■ PROBLEM REQUIREMENTS: Omit the pictures and output every entry below exactly as written.

- Opening Delimiter -

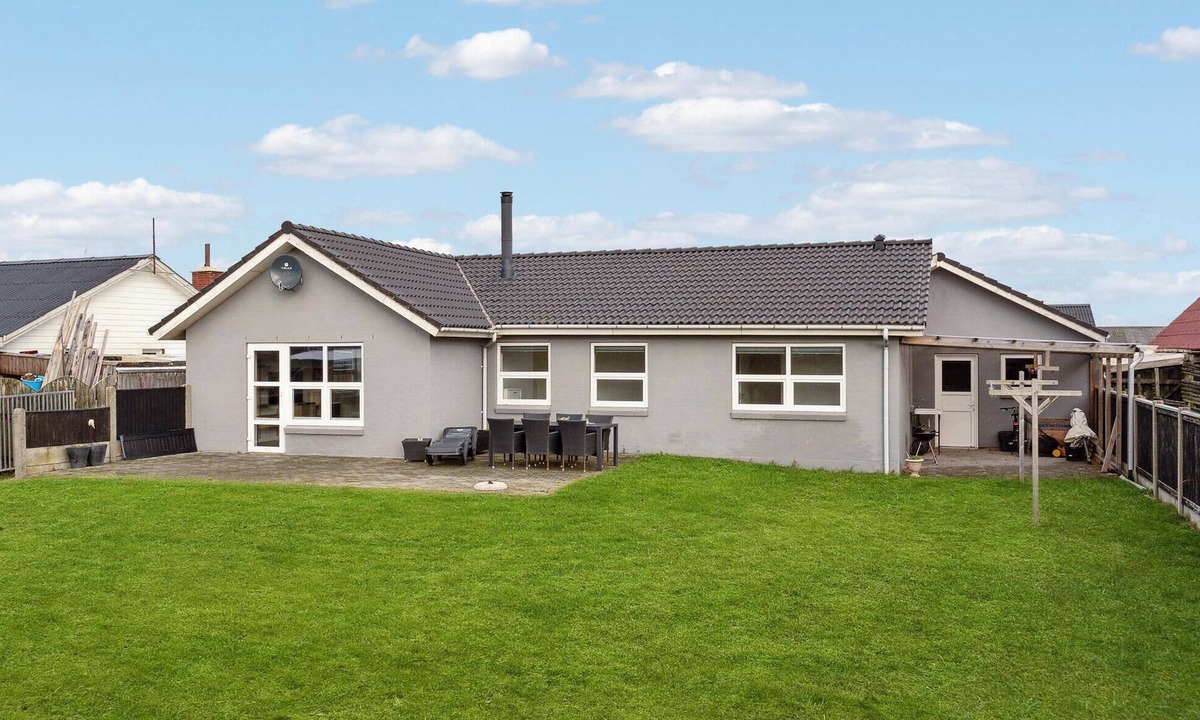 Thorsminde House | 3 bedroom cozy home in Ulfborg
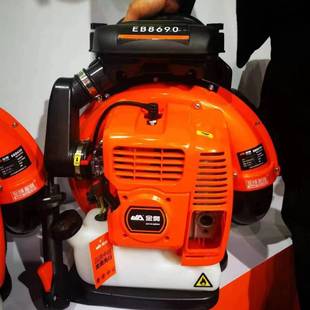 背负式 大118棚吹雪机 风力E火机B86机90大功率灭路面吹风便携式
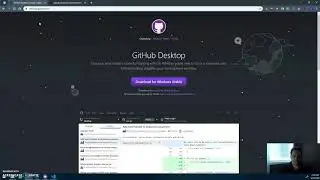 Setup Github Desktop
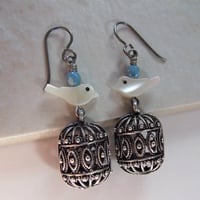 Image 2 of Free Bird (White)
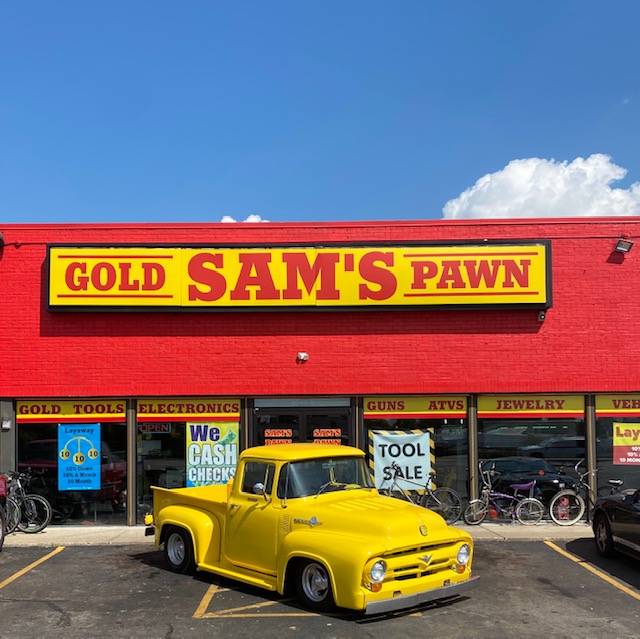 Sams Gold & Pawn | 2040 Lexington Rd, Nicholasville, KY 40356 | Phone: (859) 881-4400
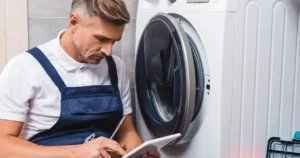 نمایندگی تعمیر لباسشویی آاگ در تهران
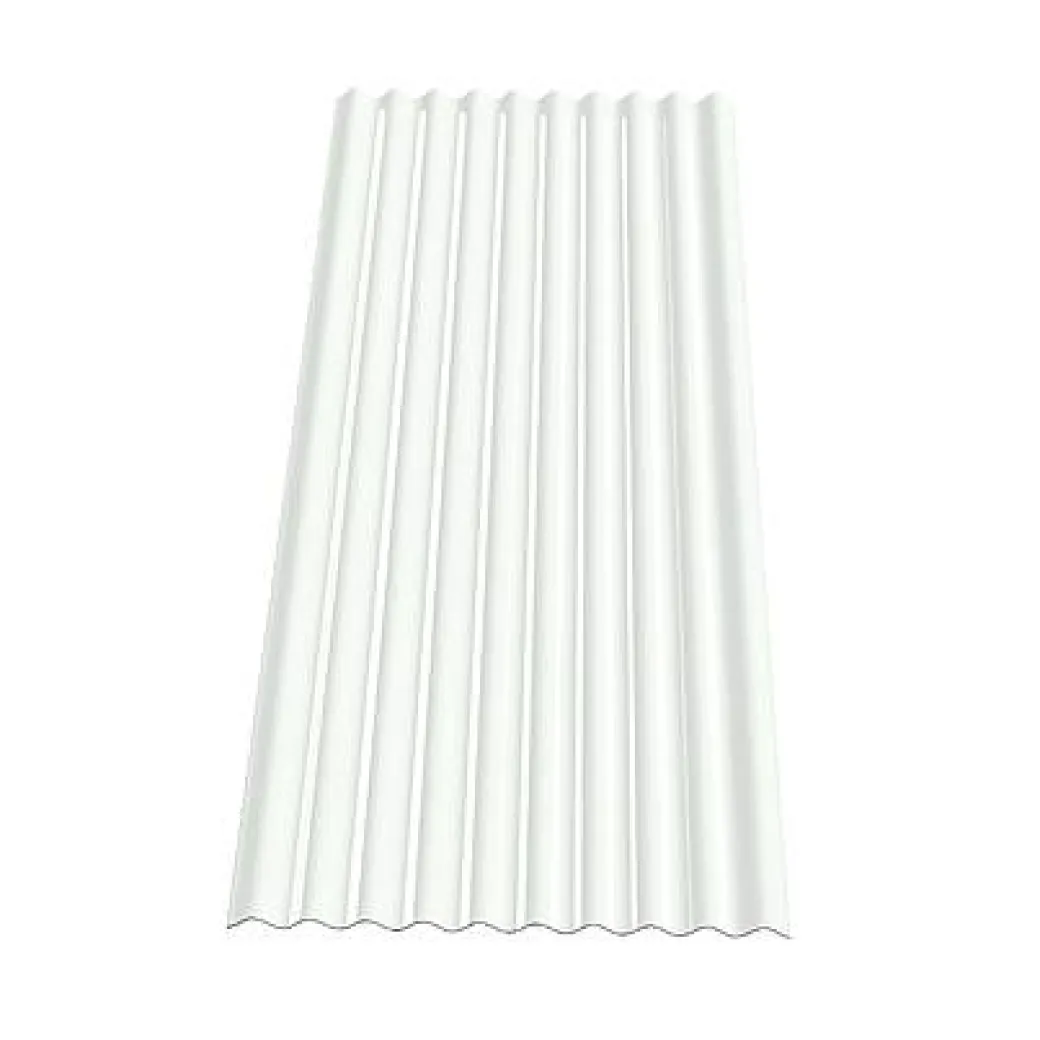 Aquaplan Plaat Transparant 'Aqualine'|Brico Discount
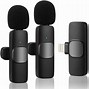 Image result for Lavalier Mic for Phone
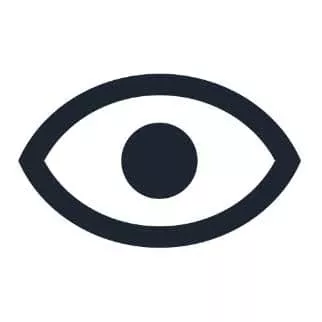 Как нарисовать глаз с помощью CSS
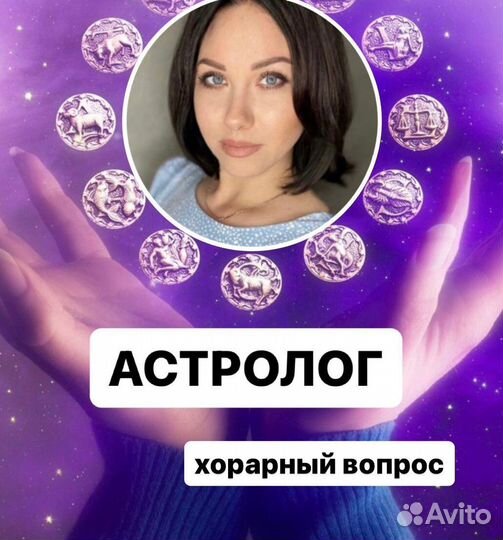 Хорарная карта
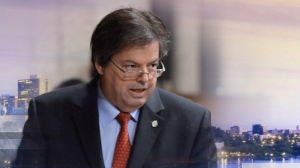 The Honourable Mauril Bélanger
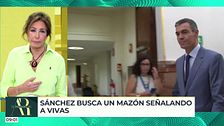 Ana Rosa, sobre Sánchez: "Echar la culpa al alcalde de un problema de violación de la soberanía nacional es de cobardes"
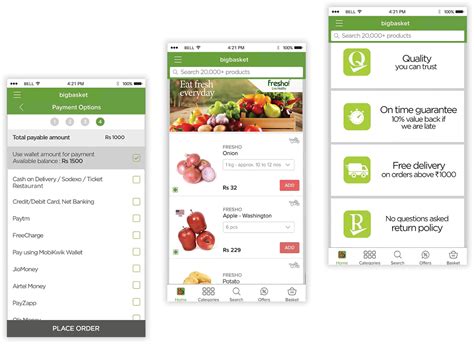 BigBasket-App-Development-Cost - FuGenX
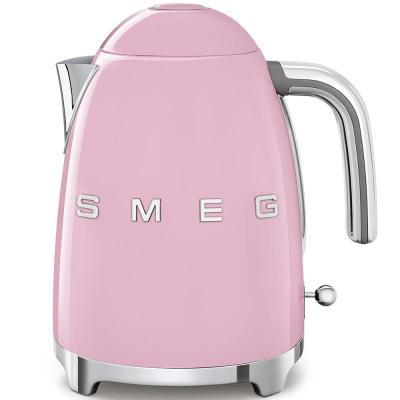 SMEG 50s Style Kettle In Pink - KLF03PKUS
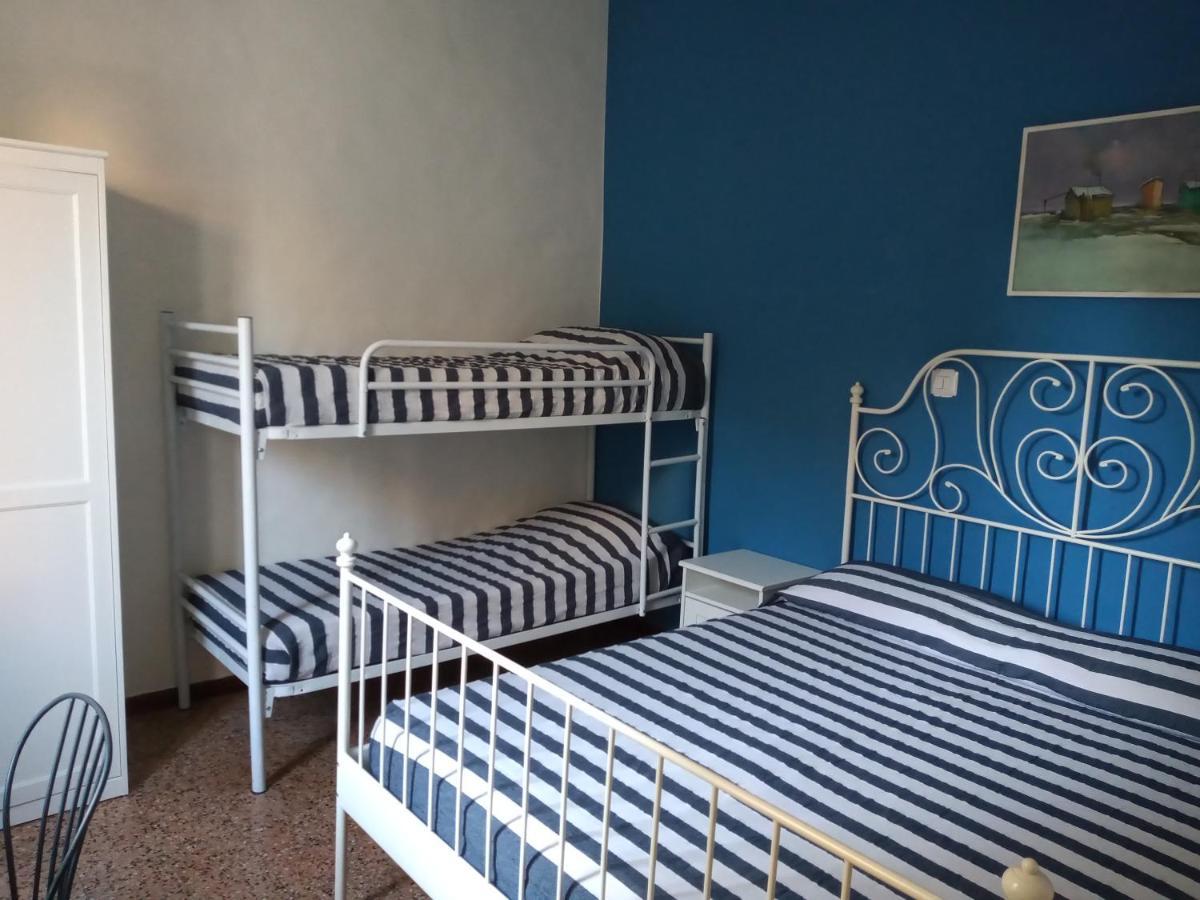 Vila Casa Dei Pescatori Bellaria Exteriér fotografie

- Closing Delimiter -

■ ANSWER SPACE:
 Thorsminde House | 3 bedroom cozy home in Ulfborg
 背负式 大118棚吹雪机 风力E火机B86机90大功率灭路面吹风便携式
 Setup Github Desktop
 Image 2 of Free Bird (White)
 Sams Gold & Pawn | 2040 Lexington Rd, Nicholasville, KY 40356 | Phone: (859) 881-4400
 نمایندگی تعمیر لباسشویی آاگ در تهران
 Aquaplan Plaat Transparant 'Aqualine'|Brico Discount
 Image result for Lavalier Mic for Phone
 Как нарисовать глаз с помощью CSS
 Хорарная карта
 The Honourable Mauril Bélanger
 Ana Rosa, sobre Sánchez: "Echar la culpa al alcalde de un problema de violación de la soberanía nacional es de cobardes"
 BigBasket-App-Development-Cost - FuGenX
 SMEG 50s Style Kettle In Pink - KLF03PKUS
 Vila Casa Dei Pescatori Bellaria Exteriér fotografie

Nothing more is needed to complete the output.